- On 11 January this year, Shakeel Rizvi, a resident of Jagdalpur in Bastar region, Chhattisgarh’s Maoist badlands, called up Swara in desperation to report the unlawful arrest of the sarpanch of Koleng village – Panduram Nag. When Nag did not turn up home for six days, his relatives reported his disappearance on Swara. Nag was released on 18 January.
- When Mangli Kunjam, an adivasi woman, lost her government job, she was sold many times to flesh traders. When a good Samaritan reported the matter on Swara, a police team was rustled up and the state administration got cracking to help Mangli.

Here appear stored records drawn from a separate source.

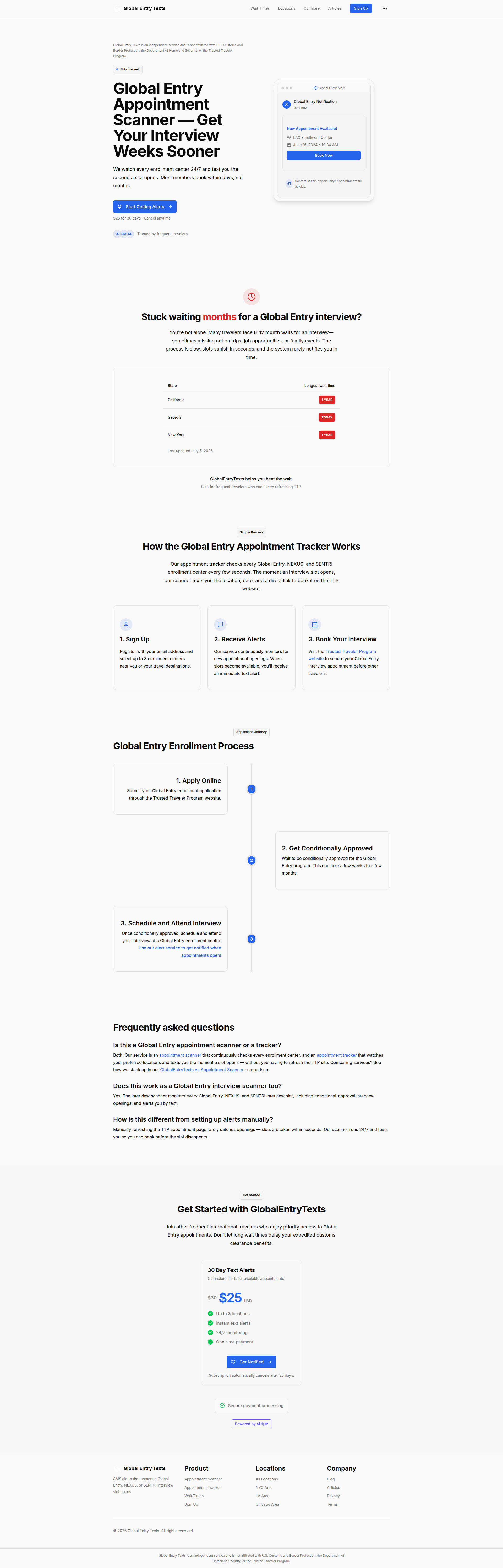 Landing page screenshot for globalentrytexts.com, 1920 by 5985 pixels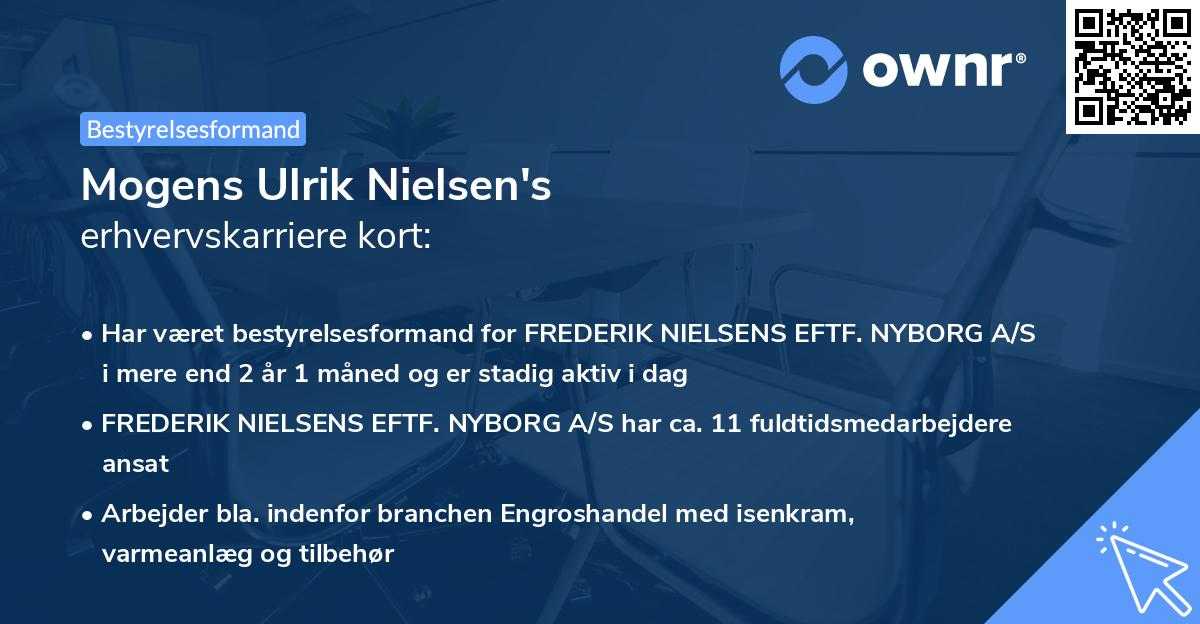 Mogens Ulrik Nielsen's erhvervskarriere kort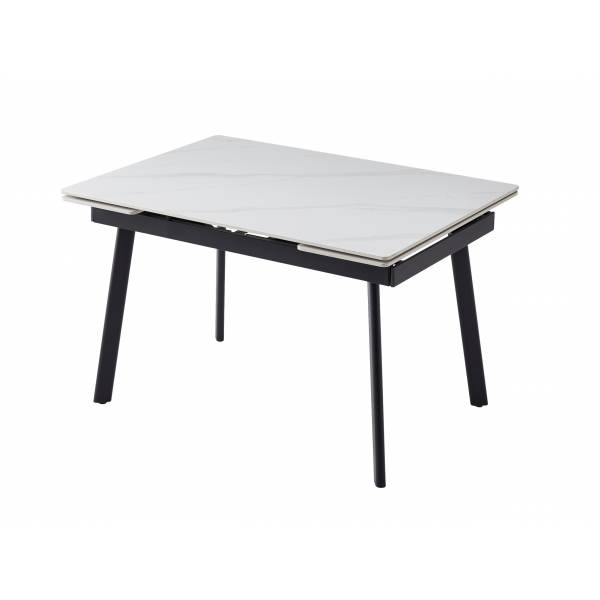 Керамічний стіл TM-98-1 білий мармур + чорний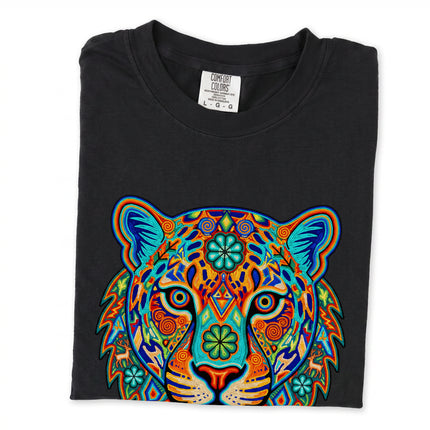 Colorful psychedelic t-shirt featuring a vibrant Huichol jaguar graphic inspired by traditional Mexican art.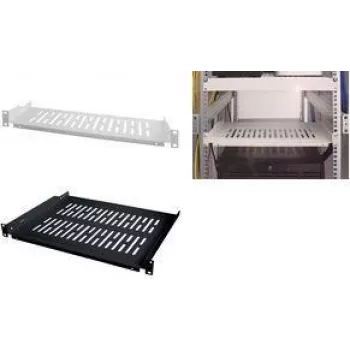 LogiLink ripiano rack fisso 19 pollici 1U, profondità 300 mm, nero RAL 9005, acciaio, max. 15 kg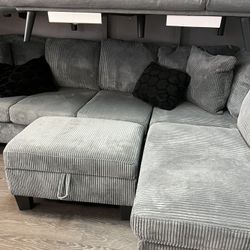 3pc L Sectional W/ Ottoman 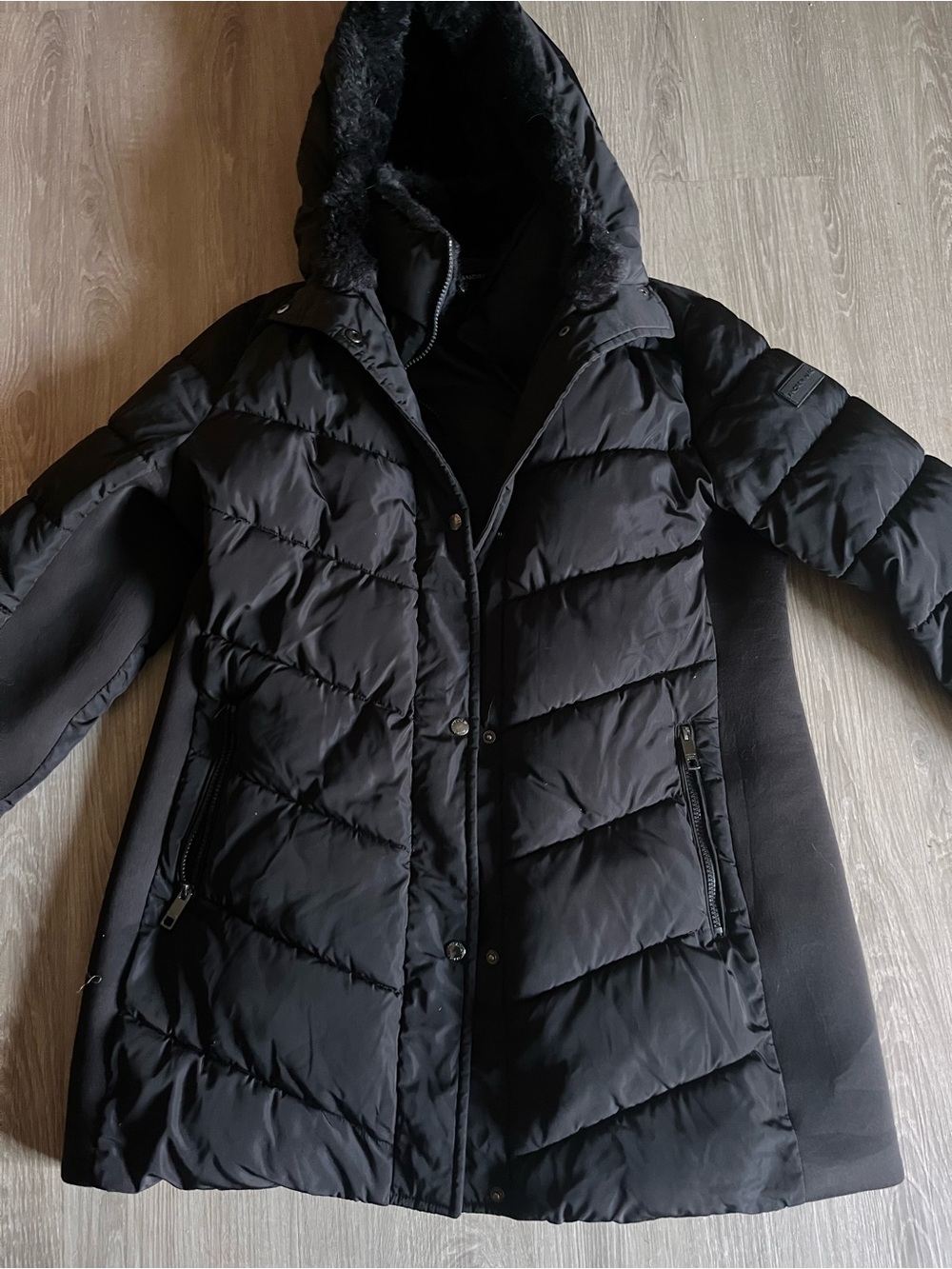 Women's Black Quilted Hooded Winter Coat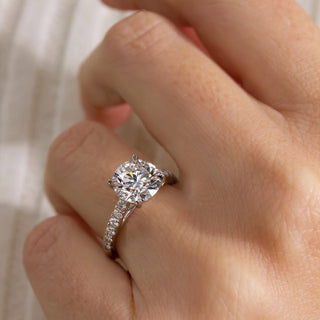 1.50 - 3.50 CT Round CVD Diamond Pave Style Engagement Ring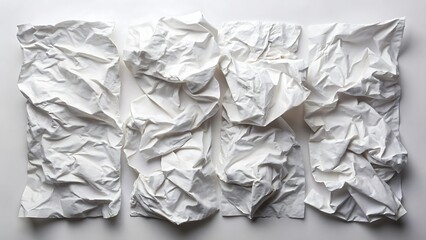 A collection of crumpled white paper sheets arranged on a bright surface
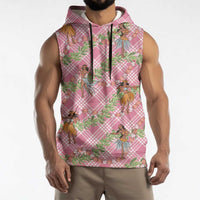 Lokelani Pink Palaka Hula Girls Seamless Hawaii Aloha Sleeveless Hoodie - Polynesian Pride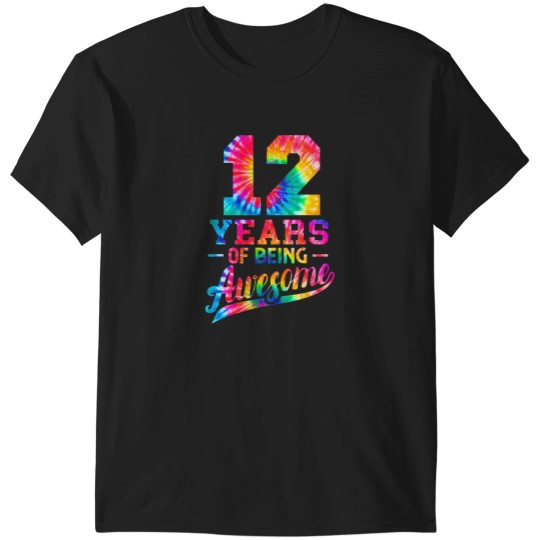 Discover 12 Years Old 12th Birthday Tie Dye Being Awesome Men Women T-Shirts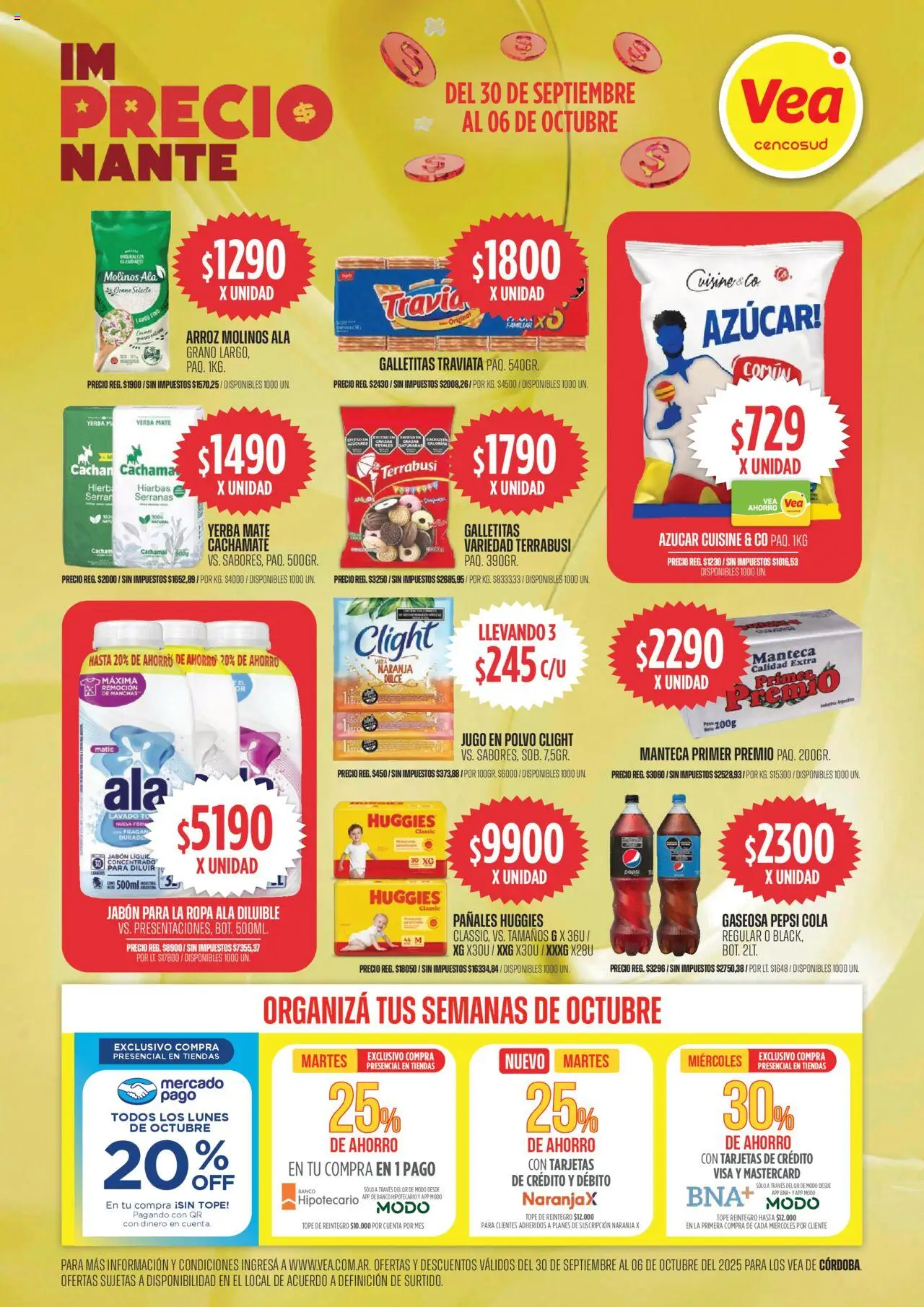 Vea - Ofertas Córdoba │ válido desde el 30.09.2025 | Página: 1 | Productos: Galletitas, Jabón, Ropa, Jugo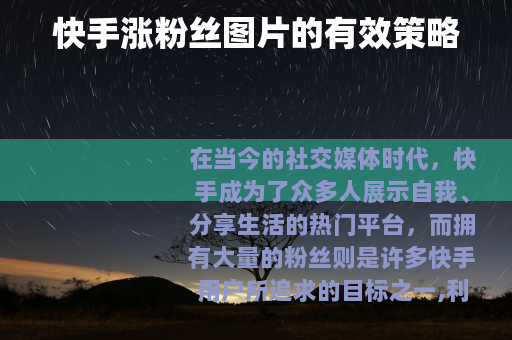 快手涨粉丝图片的有效策略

A lady from Holland called up Swara to pledge support to Mangli.
- When another caller reported on Swara the outmigration of people from Bastar region because they were not getting MGNREGA work, the district collector took prompt action, suspending two subordinates.
Bultoo Radio: Via Mobile Phones and Bluetooth
These and hundreds of messages recorded by adivasis and non-adivasis across Chhattisgarh on CGNet Swara, a radio-based platform where callers from all parts of India, especially those ridden by conflicts, can call up to report unusual events, forms the foundations of a nascent conflict transformation process across a state torn by violence. More recently, Chhattisgarh featured in news reports after Maoists attacked CRPF jawans and killed 25 troopers in Burkapal village in Sukma district.
After several years of fits and starts, Bultoo Radio (Bultoo is how adivasis and other villager dwellers in the Naxal-infested Bastar region pronounce ‘Bluetooth’) has now taken off (its “soft launch” was in 2010) in earnest, providing adivasis and non-adivasis a platform to share information via Swara.
Mobile phones and their Bluetooth tech facilities are used to record and send in messages emerging from various districts to a centralised hub, from where the recordings are played out. While Bultoo Radio has about ten full-time employees, it has thousands of volunteers across Chhattisgarh.
Bridging Cultural Differences Between Adivasis and Non-Adivasis
Subhrangshu Choudhary, Raipur-based journalist-turned-educationist, to The QuintWe intend to give it a Facebook-like character by calling the process Voicebook, where adivasis and non-adivasis, among whom there is a cultural chasm, can find potential common ground and thereby bridge the gap that exists between them.
Choudhary runs a school in Anooppur near Amarkantak close to the Chhattisgarh-Madhya Pradesh border, where men and women of both communities receive training on conflict transformation in a state characterised by two inter-connected conflicts that have been continuing for long. The first is cultural, between adivasis and non-adivasis, and the second is between the Maoists and security forces.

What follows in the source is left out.